> _What the task requires_
Within the entries below, find each line containing the word "Drive" and copy it.

*** Opening Dataset records ***

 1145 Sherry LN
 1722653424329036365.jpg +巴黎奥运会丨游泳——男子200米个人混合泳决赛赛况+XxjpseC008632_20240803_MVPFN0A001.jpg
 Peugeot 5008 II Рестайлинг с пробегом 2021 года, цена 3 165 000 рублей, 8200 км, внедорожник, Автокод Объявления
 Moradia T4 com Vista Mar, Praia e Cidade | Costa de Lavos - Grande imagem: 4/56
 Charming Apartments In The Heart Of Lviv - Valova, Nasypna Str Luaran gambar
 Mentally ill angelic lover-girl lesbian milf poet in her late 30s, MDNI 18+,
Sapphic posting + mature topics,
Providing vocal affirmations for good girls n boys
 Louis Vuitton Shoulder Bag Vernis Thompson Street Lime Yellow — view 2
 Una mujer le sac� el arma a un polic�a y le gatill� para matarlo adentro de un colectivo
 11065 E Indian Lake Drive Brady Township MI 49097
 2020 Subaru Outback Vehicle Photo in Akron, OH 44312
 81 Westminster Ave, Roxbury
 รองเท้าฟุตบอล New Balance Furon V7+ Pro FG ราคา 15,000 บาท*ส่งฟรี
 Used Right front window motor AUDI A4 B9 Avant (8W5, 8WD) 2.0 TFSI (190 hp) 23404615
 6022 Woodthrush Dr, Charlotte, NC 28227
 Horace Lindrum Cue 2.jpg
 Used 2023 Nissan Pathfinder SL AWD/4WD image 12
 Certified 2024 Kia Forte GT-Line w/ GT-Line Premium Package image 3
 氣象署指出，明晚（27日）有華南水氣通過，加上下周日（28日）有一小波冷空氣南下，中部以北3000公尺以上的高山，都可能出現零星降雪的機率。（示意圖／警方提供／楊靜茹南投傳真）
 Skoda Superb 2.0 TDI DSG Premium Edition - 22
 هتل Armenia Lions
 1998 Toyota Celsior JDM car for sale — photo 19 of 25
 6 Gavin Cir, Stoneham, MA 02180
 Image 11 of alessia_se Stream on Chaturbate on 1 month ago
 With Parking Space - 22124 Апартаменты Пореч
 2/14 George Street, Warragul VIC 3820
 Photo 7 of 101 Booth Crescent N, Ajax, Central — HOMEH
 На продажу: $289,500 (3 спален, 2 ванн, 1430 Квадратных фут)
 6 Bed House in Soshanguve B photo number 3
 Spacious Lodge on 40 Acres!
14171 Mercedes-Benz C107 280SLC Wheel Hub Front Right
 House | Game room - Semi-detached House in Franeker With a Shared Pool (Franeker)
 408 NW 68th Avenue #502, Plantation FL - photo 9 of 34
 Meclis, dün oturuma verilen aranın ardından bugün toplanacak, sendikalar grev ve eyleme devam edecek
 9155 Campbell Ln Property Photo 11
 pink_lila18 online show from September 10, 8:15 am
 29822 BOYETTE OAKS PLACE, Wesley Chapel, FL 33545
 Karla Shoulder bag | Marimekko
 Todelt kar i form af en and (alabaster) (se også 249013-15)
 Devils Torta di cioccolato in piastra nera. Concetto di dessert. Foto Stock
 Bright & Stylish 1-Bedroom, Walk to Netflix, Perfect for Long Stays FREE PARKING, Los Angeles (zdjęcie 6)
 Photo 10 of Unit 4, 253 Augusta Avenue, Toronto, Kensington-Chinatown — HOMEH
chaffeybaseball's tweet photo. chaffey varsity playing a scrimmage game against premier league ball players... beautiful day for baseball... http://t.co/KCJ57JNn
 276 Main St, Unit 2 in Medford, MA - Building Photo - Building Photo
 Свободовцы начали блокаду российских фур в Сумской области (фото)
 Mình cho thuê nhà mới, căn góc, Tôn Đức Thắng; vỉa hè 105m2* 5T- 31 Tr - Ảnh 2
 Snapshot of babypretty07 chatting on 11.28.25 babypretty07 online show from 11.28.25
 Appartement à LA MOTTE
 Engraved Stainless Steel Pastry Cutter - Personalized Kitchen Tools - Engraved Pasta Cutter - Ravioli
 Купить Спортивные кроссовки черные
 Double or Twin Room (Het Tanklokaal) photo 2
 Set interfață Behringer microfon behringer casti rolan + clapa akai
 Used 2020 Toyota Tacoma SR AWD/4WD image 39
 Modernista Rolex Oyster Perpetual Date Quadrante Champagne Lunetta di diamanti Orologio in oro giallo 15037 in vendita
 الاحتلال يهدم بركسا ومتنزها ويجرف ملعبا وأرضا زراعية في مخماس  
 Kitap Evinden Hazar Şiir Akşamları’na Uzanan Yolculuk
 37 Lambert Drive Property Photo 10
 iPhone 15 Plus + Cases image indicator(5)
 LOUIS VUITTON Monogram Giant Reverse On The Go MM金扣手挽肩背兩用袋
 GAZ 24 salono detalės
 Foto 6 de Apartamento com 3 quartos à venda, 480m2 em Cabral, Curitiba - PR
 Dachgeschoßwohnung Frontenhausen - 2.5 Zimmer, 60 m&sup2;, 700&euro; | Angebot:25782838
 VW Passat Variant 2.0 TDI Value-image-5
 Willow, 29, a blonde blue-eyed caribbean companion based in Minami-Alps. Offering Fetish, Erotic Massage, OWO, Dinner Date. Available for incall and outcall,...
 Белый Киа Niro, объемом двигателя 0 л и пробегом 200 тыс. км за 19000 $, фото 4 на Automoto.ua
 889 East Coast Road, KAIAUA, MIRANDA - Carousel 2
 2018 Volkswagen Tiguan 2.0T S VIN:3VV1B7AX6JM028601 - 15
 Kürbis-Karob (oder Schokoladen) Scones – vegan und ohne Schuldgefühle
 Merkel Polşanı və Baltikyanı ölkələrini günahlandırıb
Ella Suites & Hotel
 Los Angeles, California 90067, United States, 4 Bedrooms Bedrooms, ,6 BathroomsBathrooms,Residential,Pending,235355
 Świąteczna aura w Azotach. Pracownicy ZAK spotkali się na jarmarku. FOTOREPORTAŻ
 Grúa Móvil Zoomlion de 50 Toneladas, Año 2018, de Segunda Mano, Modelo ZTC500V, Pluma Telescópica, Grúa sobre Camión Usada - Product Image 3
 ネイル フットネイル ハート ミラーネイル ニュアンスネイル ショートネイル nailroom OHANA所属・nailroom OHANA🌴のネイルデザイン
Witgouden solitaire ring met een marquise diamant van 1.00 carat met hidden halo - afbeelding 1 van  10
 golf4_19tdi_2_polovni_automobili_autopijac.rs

*** Closing Dataset records ***

> _Answer to this problem_
 11065 E Indian Lake Drive Brady Township MI 49097
 37 Lambert Drive Property Photo 10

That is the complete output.